Steven G. Jones, Ph.D., is a former QEP evaluator for SACS, and now Coordinator of the Center for Service and Learning at Indiana University-Purdue University at Indianapolis. Prior to this, he was the Associate Director of the Integrating Service with Academic Studies project at Campus Compact from 2002-2004. Dr. Jones received a Ph.D. in political science from the University of Utah in 1995 and was an associate professor of political science at the University of Charleston from 1995-2002, where he also served as Director of the Robert C. Byrd Institute for Government Studies. He edited the second edition of Campus Compact's Introduction to Service Learning Toolkit and is a co-author of two other Campus Compact monographs, The Community's College: Indicators of Engagement at Two-Year Institutions and The Promise of Partnerships: Tapping into the Campus as a Community Asset. He is also co-editor of Quick Hits for Educating Citizens (Indiana University Press, 2006).

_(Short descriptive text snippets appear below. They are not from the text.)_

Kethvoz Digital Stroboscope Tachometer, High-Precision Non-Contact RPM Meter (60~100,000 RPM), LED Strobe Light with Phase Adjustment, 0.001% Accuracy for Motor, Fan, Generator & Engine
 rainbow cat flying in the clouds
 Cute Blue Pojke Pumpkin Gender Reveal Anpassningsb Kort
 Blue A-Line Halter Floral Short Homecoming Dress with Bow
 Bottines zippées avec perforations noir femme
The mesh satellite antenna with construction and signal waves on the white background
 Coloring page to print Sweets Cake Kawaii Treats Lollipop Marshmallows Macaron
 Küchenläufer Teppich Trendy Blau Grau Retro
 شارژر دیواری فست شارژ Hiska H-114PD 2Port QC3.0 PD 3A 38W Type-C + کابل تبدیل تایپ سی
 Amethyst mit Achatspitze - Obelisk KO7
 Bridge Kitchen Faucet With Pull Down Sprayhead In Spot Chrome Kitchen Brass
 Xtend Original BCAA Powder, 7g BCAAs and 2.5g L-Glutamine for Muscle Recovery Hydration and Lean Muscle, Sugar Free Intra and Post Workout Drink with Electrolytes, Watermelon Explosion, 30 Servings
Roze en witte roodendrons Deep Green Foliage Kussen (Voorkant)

Marshall Welch, Ph.D., has been at the University of Utah since 1987 as a faculty member in the Department of Special Education. Dr. Welch was department chair for the last two years of his faculty appointment before being appointed Director of the Lowell Bennion Community Center in May of 2001. He began teaching a service-learning course addressing issues of children and became involved with the Bennion Center. He served on several advisory committees of the Bennion Center and was named the Borchard Service-Learning Faculty Fellow in 1996-97 providing assistance to other campus faculty interested in service-learning courses. He and his staff hosted the 3rd annual conference on the Advances of Research in Service-Learning in 2003 and the Campus Compact Institute for Community Service Directors in 2004. He continues to teach a service-learning course on civic engagement. His scholarly interests are in the area of service-learning, civic engagement, and community-based research. Dr. Welch has co-edited a book on the research of service-learning, and he is a popular national and international presenter on the topic. He earned his doctorate in Special Education from Southern Illinois University in 1987.